I trash the contentof the pycache folder and the ‘allowed’ keyword disappear but not the error

I also try to call

torch.cuda.set_per_process_memory_fraction(1.0, None)

right after the import and now the training is starting :+1:

two days ago I had called it in my training function after some torch settings. It seem s to be the reason it was not working…

I’ll let you know in 24h at the end of the training

Thanks for confirming!

This is really weird. Does it mean you have set it to a specific limit in the past, saw the issue, removed it, and were still unable to allocate more than 4GB?
After removing the pycache (could you describe what exactly you have deleted) you are now able to allocate more than 4GB?

Actually Ihave tried to play with this limit but I have placed it after some torch settings and it was not working. I think this settings was to late in my code. its was after

# Seeds
    torch.manual_seed(SEED)
    torch.cuda.manual_seed(SEED)
    np.random.seed(SEED)
    random.seed(SEED)

    # Device
    device = ("cuda" if torch.cuda.is_available() else "cpu")

Nevertheless my training code has the OOM error without it. It was unable to allocate more than 4Gib. I have tried the torch.cuda.set_per_process_memory_fraction, but not in the right place and I gave up with that and have commented it. But when you write of that this morning I try to put that just after the import as the first setting and it works.
I never met this error with the GTX1080Ti. No need to set the torch.cuda.set_per_process_memory_fraction with this card.
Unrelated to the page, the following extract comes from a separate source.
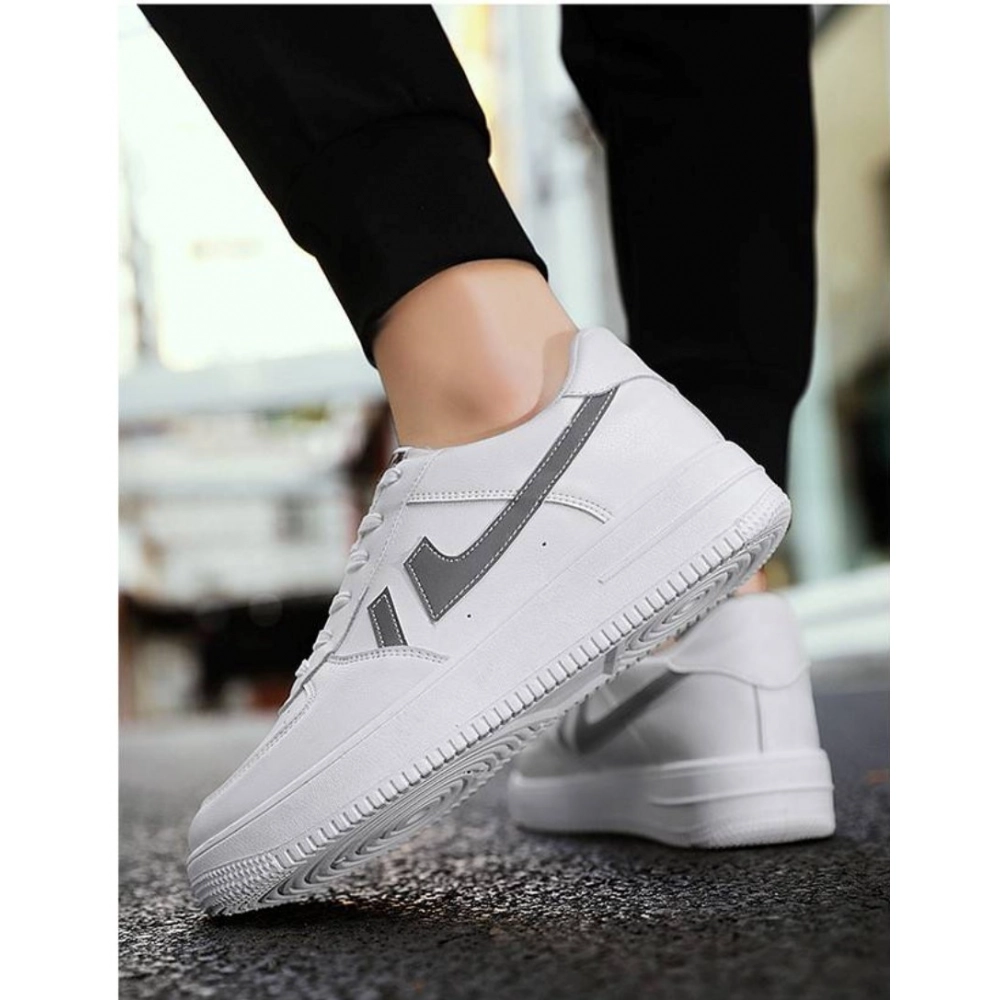 Men's Casual Synthetic Solid Lace-Up Shoes (White) - Image 4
In my code I import three python files with classes and functions

import vgg
import experimental
import utils

I have deleted the three files related experimental.cpython-38.pyc, vgg.cpython-38.pyc and utils.cpython-38.pyc

Actually my code is crashing again for an other reason…I will investigate

OK, let me know if you are still seeing issues disallowing you to allocate more than 4GB of memory, as this setting should not be “sticky” between runs and I would consider it a bug.
I was also experimenting with it in my setup, but wasn’t able to reproduce the issue.
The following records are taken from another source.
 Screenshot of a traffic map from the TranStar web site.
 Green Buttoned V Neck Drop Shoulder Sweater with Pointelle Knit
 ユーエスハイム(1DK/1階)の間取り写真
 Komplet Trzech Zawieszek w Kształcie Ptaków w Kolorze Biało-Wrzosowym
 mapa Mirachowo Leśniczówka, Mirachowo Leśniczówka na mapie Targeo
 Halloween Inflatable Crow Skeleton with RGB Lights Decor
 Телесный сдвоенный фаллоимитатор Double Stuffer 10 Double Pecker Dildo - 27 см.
As I said in a previous post I had an other error related to a memory cpuallocator error. When I search about this error I found that increasing the Pagefile size can solve this error.
And I discover that the pagefile size was set to 0 on my computer. Don’t remenber why I have done that but setting it automatically solved my memory cpuAllocator error.
And Today I also try to run my code without the

torch.cuda.set_per_process_memory_fraction(1.0, None)

And it works now. No 4GiB limitations. no OOM error
It seems that I have to have a pagefile size more than 0 to avoid this error on the Vram. I don’t know if it’s already a warning for the users of pytorch but it could be…